In general, kids will learn belief structures from parents intuitively, unconsciously and implicitly as a result of subtle and not so subtle inflections in speech and behavior that you yourself are doing/making unconsciously. Thus, the fact that you are making positive changes on yourself as a result of the practices in Flow Mastery will automatically have an echo effect out into your children’s psyches as a result, so you can rest easy knowing there is this default level of mirroring going on at all times as you keep up the inner (and outer) work that will be reflected in them. Said another way, as you clear limiting beliefs and emotions, they also pick up on that intuitively from you and start to experience the same clearing effect.

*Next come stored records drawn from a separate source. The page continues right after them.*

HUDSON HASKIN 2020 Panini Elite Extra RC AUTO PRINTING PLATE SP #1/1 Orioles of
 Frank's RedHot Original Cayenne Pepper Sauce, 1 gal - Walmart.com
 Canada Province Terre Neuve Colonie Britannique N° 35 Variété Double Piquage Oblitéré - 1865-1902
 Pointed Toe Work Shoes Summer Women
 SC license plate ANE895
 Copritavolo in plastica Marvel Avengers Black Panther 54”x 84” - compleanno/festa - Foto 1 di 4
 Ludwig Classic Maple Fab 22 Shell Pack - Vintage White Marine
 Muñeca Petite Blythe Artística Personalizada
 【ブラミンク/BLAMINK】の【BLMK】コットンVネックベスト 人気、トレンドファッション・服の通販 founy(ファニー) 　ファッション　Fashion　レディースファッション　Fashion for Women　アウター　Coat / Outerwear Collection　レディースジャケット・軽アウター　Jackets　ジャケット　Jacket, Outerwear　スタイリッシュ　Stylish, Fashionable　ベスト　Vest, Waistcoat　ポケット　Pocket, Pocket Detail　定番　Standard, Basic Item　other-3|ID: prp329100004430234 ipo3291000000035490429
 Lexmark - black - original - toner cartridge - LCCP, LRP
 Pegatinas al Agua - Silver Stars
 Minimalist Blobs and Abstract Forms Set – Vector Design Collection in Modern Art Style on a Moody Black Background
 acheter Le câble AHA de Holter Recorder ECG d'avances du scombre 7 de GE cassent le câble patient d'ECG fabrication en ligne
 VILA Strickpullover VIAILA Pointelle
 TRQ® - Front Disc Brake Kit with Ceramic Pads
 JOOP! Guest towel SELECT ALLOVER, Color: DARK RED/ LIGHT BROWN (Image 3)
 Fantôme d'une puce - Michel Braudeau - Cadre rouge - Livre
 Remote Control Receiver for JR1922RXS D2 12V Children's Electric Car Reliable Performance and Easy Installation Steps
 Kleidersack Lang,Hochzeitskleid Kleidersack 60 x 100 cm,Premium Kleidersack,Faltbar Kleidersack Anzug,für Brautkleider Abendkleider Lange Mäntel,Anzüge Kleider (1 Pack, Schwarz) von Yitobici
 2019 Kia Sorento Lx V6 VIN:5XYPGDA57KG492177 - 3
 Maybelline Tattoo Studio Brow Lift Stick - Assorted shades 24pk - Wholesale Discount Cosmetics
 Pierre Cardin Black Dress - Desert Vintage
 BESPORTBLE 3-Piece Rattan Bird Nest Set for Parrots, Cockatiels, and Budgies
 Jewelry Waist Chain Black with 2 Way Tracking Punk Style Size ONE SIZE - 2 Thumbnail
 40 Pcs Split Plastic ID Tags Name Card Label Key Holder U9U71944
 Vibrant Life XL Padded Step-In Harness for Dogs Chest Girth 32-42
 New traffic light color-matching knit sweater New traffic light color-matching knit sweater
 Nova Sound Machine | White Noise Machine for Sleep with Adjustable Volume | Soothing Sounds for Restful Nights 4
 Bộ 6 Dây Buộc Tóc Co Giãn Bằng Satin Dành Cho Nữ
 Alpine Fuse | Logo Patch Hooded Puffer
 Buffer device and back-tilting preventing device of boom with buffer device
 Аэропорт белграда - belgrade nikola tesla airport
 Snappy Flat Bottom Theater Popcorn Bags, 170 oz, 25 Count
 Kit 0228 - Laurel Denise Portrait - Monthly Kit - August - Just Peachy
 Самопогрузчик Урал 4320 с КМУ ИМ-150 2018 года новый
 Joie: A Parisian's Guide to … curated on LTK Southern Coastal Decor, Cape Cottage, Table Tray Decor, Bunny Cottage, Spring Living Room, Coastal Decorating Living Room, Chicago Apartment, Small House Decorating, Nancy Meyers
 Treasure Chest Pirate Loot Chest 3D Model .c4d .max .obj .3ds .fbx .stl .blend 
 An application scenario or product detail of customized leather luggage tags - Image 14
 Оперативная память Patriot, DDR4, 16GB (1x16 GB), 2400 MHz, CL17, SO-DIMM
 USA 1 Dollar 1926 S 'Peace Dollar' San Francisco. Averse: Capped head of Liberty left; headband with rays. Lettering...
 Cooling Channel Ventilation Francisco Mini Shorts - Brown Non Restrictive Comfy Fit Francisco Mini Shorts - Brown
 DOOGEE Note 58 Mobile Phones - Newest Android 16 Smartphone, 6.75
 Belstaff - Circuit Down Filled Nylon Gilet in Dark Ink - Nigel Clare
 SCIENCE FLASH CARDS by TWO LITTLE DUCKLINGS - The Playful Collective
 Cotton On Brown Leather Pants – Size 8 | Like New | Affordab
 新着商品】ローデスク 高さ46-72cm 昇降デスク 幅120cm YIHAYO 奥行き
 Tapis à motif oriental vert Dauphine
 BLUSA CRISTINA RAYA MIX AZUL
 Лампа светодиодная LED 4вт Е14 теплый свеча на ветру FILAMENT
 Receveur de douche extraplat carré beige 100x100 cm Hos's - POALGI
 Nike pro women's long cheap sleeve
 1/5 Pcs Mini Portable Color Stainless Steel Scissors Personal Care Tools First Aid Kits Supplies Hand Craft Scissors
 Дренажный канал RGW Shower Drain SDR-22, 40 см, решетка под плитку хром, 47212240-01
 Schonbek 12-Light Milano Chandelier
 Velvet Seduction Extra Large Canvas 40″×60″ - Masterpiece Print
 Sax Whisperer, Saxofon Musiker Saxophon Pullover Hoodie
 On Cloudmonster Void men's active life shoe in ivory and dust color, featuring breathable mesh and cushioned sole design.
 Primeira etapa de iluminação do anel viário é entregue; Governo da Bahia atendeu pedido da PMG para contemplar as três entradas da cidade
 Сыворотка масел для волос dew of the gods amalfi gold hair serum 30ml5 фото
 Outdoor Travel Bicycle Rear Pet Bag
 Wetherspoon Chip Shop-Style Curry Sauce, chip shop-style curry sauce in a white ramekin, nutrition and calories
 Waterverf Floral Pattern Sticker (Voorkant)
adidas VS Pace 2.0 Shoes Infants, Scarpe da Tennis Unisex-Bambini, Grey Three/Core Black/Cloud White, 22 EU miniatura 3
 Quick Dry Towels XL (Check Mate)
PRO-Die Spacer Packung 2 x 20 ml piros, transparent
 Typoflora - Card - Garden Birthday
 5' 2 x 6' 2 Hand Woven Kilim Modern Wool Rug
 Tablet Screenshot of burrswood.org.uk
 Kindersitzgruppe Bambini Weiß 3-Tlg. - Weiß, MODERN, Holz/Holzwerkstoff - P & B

Beyond that, using ‘I’ statements is very important, making sure to always state ‘I am feeling ________ right now ________’ before communicating anything that could be construed as a judgement so its not interpreted by the children as a statement of fact about them (which can create limiting beliefs), but rather something you are feeling in the moment which is temporary. For example, your child gets the white couch filthy with paint. Don’t say ‘You are so careless!’ rather, ‘I am feeling frustrated right now that you didn’t respect my belongings’. This way the child understands it is situational and not anything about them intrinsically and largely avoids taking on any limiting beliefs as a result.
It is almost impossible to prevent children from picking up liming beliefs completely at this time in history, but you can definitely lighten the load substantially through conscious parenting approaches. It is better to teach kids tools for working with and healing emotions and limiting beliefs in real-time as they come up rather than to try and be extra stringent about eliminating them completely. The ideal practice as far as we are concerned is to minimize limiting belief/trauma imprinting through conscious parenting approaches and teaching kids tools from Flow Mastery to work with/clear anything that comes up in realtime so it doesn’t get deeply ingrained in the nervous system.
Also, regarding reinforcing positive beliefs, there are many ways and your creativity is the only limit here, truly! But some great, easy wins are loving praise and potentially even rewards for them embodying or taking action on any of the flow principles or positive beliefs you want to reinforce, having conversations with them discussing the positive beliefs and helping them to see how they are true and beneficial for their overall wellbeing, making sure you are embodying them yourself, encouraging them to do activities or offering them opportunities to do activities that reinforce the positive beliefs, coming up with creative ways to take action on the positive beliefs that would be fun and enjoyable for them, encouraging them to meditate/engage in spiritual practice, generally being with other kids, friends, community, family, etc. that embrace flow-aligned belief structures, and reading to them or having them read books like the Alchemist and so on that are great stories and teach these beliefs as lessons embedded within the narrative.